One option is utilising the R&D tax credit.  The R&D tax credit allows companies to benefit from a potential cash refund of 25% of their qualifying expenditure.  Qualifying costs include staffing costs, materials, capital equipment, overhead costs and, with certain restrictions, subcontracting costs, be they to unconnected third parties or universities. 

R&D in the food industry is not just seen in laboratories, it encompasses a wide variety of activities in the entire production chain from primary producer through to the final processor and beyond.  To help identify potential activities being undertaken by your company we have compiled a number of case studies.  The case studies are a few examples of the types of activities that can potentially qualify for inclusion in an R&D tax credit claim under S766 TCA 1997.     
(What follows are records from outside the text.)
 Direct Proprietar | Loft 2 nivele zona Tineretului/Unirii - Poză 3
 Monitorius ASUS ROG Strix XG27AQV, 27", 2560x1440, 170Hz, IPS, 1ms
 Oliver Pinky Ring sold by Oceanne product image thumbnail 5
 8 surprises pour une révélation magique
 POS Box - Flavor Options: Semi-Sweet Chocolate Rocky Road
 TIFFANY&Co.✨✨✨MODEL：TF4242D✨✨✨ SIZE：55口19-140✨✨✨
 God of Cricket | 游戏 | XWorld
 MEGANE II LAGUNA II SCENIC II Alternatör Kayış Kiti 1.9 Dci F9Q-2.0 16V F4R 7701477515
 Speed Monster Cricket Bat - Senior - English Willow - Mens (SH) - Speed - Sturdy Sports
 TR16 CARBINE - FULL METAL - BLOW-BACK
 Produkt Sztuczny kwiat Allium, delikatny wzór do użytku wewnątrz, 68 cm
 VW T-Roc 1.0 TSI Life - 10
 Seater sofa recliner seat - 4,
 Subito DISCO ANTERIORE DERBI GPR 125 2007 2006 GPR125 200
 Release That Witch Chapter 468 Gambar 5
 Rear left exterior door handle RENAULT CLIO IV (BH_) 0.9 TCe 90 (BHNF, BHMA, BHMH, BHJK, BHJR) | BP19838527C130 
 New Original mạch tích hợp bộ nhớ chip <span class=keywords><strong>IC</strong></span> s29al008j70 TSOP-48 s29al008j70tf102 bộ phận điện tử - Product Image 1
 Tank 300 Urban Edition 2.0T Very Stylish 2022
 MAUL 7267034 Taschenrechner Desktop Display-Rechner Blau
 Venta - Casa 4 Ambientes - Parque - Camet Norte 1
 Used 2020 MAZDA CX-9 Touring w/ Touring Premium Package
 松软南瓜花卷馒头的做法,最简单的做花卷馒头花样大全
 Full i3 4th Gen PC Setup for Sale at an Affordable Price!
There are strict criteria to be met for activities to qualify, some of which are dealt with in this article. In order to determine if your company is undertaking qualifying R&D activities call a member of our team.

Case studies

Animal feeding strategies
FeedCo specialises in pig production.  Due to the increased cost of feed inputs the company undertook an investigation to determine if compensatory growth could be incorporated into their feeding regimes.

The aim of the project was to reduce feed costs while maintaining current production levels.  FeedCo undertook extensive research into the existing knowledge relating to feed restriction and compensatory growth.  Based on the research, FeedCo hypothesised that following a period of feed restriction pigs could potentially undergo enhanced or accelerated growth and achieve pre-determined inherent slaughter weight.

To assess this, the company initiated a feeding trial involving 200 pigs.  Compensatory growth feeding strategies were shown to affect the organoleptic properties of tenderness of meat in many species.  Consequently, FeedCo assessed the meat quality characteristics to potentially highlight any adverse effects associated with this feeding study through investigative activity that included a sensory taste panel.

New product development
YogCo is a producer of yoghurt and yoghurt drink products.  In order to meet growing consumer demands, YogCo set out to develop a new ready to eat savoury product that could be consumed directly from the carton or used as dressing in salads.

At the outset of the project the company undertook research into related products, reviewed the available literature and consulted with numerous ingredient suppliers.  Following extensive research YogCo was scientifically uncertain if it would be possible to incorporate a vegetable portion representing “one of your five a day into the product while still retaining the desired viscosity and consistency.

YogCo was also uncertain if it would be possible to achieve a 3 week shelf life, matching the shelf life of the existing product range and if the product would meet the desired sensory requirements.

YogCo carried out kitchen trials, microbial testing, sensory panel testing.  Following six months of experimental investigation, the project was suspended as YogCo could not overcome the many challenges and scientific uncertainties associated with the project.

New/improved machinery
XYZ is a machinery manufacturer supplying new machinery solutions to the fish processing industry.  The company is involved in updating its existing range of machinery.  Through its extensive knowledge and experience in the sector, the company identified the need for a new automated filleting machine.

The requirement was for a unit which addressed the problems within the existing technology including those relating to efficiency, quality, adaptability, cost and functionality.  The company sought to develop a machine that would increase the speed of throughput for the filleting machine, incorporate new technology and reduce down time.  XYZ’s initial investigation into the “state of the art” available on the market showed that it did not meet the functionality and performance objectives.  Throughout the project new concepts were explored, analysed and significant testing undertaken both internally and with selected industry clients.  Throughout the testing process failures were encountered, some were apparent immediately and others after prolonged testing. 

Further R&D and testing would be required to develop a working prototype that meets all requirements.